Suze Boschma-Berkhout

Suze Berkhout

‘To be honest, I like Anton Wachter with a hat more now. Yet it is actually a strange assignment: to make a man from the past that does nothing …’

Name: Suze Boschma-Berkhout
Born: Nederland, 1922-1997

ARTZUID edition(s): ARTZUID 2021 

About Suze Boschma-Berkhout

Suze Boschma-Berkhout was born in Indonesia. Her father was secretary-general of Water Management and Reconstruction and later professor at the TU in Delft. Suze Berkhout was trained as a maternity nurse and, after the Second World War, was educated at the Institute for Applied Arts Education – later Gerrit Rietveld Academy, in Amsterdam. In 1954 she married Cornelis Boschma, civil servant for the preservation of monuments. They had five daughters and moved to Leeuwarden in 1963, where Kees became director of the Fries Museum. 

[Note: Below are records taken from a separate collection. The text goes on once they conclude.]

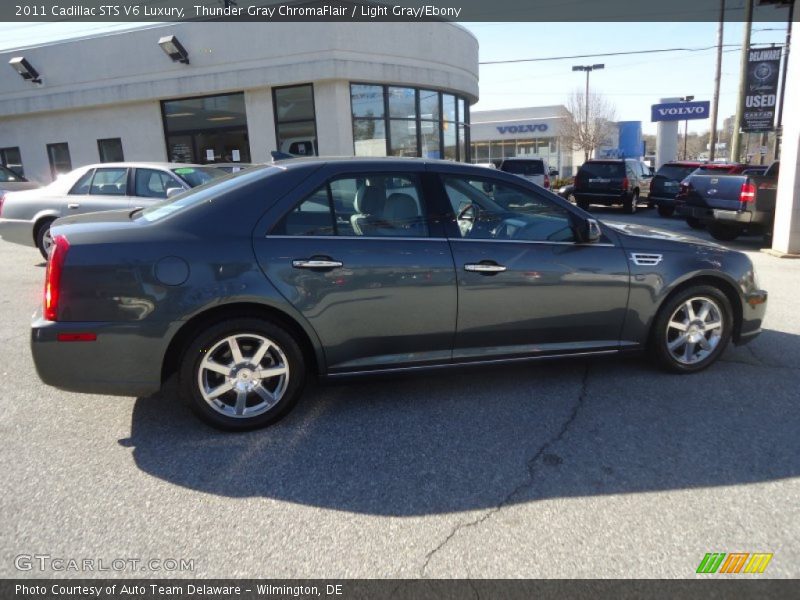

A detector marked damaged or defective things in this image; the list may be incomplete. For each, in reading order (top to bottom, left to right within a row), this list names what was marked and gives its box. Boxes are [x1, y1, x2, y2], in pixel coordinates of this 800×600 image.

crack in asphalt [422, 360, 592, 576] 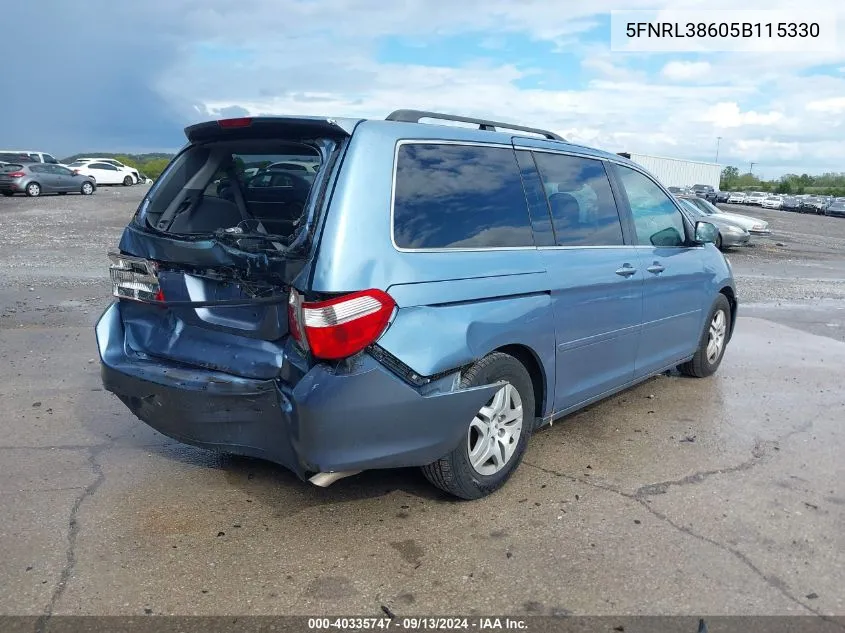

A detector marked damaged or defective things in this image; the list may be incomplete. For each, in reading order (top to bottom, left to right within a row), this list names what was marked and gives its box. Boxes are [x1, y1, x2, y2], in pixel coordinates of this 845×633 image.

broken rear window [138, 140, 324, 237]
crumpled rear bumper [95, 302, 498, 478]
damaged rear of van [95, 116, 512, 496]
cracked pavement [0, 189, 840, 616]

Suze became known for her large number of figurative sculptures, which in many places in the Netherlands refer to historical or literary characters: Bartje, Ot and Sien, Afke’s ten, but also Herman Gorter, Mata Hari, and Rembrandt van Rijn and Saskia van Uylenburg. The vast majority of the statues are exhibited in Friesland. 

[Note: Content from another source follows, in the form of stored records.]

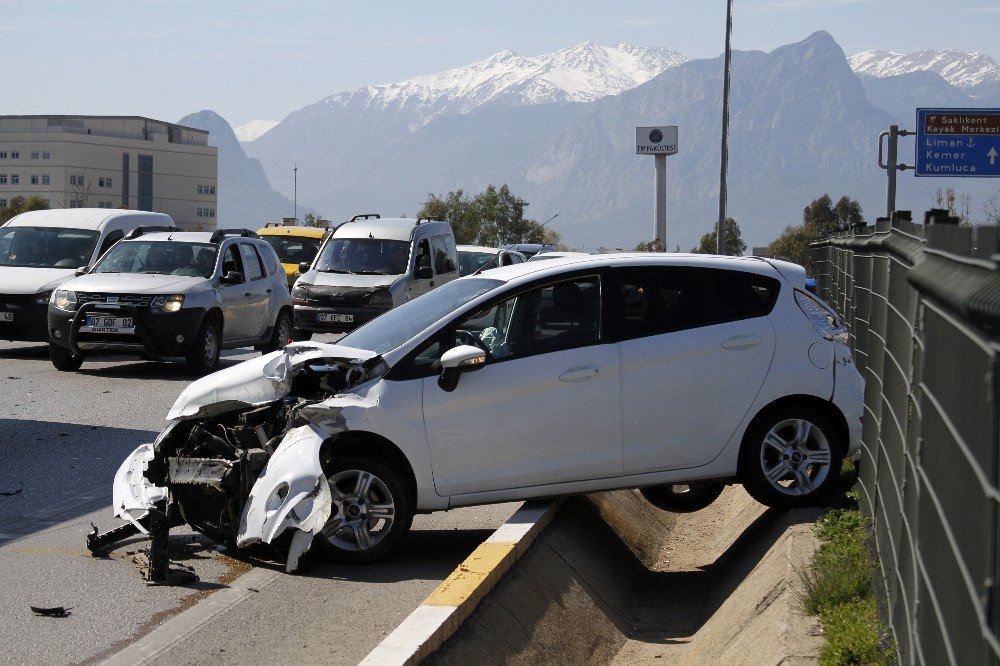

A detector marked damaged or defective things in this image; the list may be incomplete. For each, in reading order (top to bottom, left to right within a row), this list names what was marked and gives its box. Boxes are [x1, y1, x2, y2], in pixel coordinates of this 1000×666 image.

detached front bumper [0, 294, 48, 340]
detached front bumper [48, 304, 205, 358]
detached front bumper [292, 302, 386, 332]
white damaged car [105, 252, 864, 572]
damaged fender [114, 440, 169, 536]
damaged fender [235, 420, 330, 572]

In 1968 Boschma-Berkhout, on behalf of several fellow sculptors, requested culture minister Marga Klompé to amend the Dutch Copyright Act. According to her, the copyright of sculptors in the Netherlands was not properly regulated. Sculptures like Bartje were shamelessly and with impunity copied and depicted on souvenirs and other industrial products. The request did not lead to a change in the law, but in 1977 it did lead to the establishment of the Image Rights Foundation, which acted on behalf of artists against commercial ‘misuse’ of their work. At that time Boschma-Berkhout sold her exclusive rights to Bartje to an Asser cigar retailer. 

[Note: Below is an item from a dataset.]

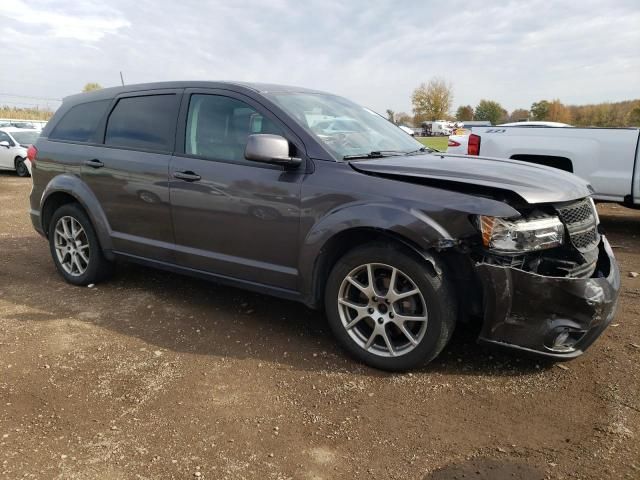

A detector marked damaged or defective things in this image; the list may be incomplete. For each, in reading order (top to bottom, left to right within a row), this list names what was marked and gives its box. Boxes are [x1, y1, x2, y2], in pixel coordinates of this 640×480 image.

broken headlight assembly [478, 216, 564, 253]
damaged front end [470, 197, 620, 358]
crumpled front bumper [476, 234, 620, 358]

Suze Boschma-Berkhout hardly exhibited. Nothing has been documented of the work she made for private individuals. Therefore, she lives on especially in the sculptures she created for public space. 

During ARTZUID in 2021 there was an immense polyester Bartje – an enlargement of six meters of the statue that Boschma-Berkhout made in 1954. In the 1950s and 1960s, many Dutch mantelpieces featured small replicas.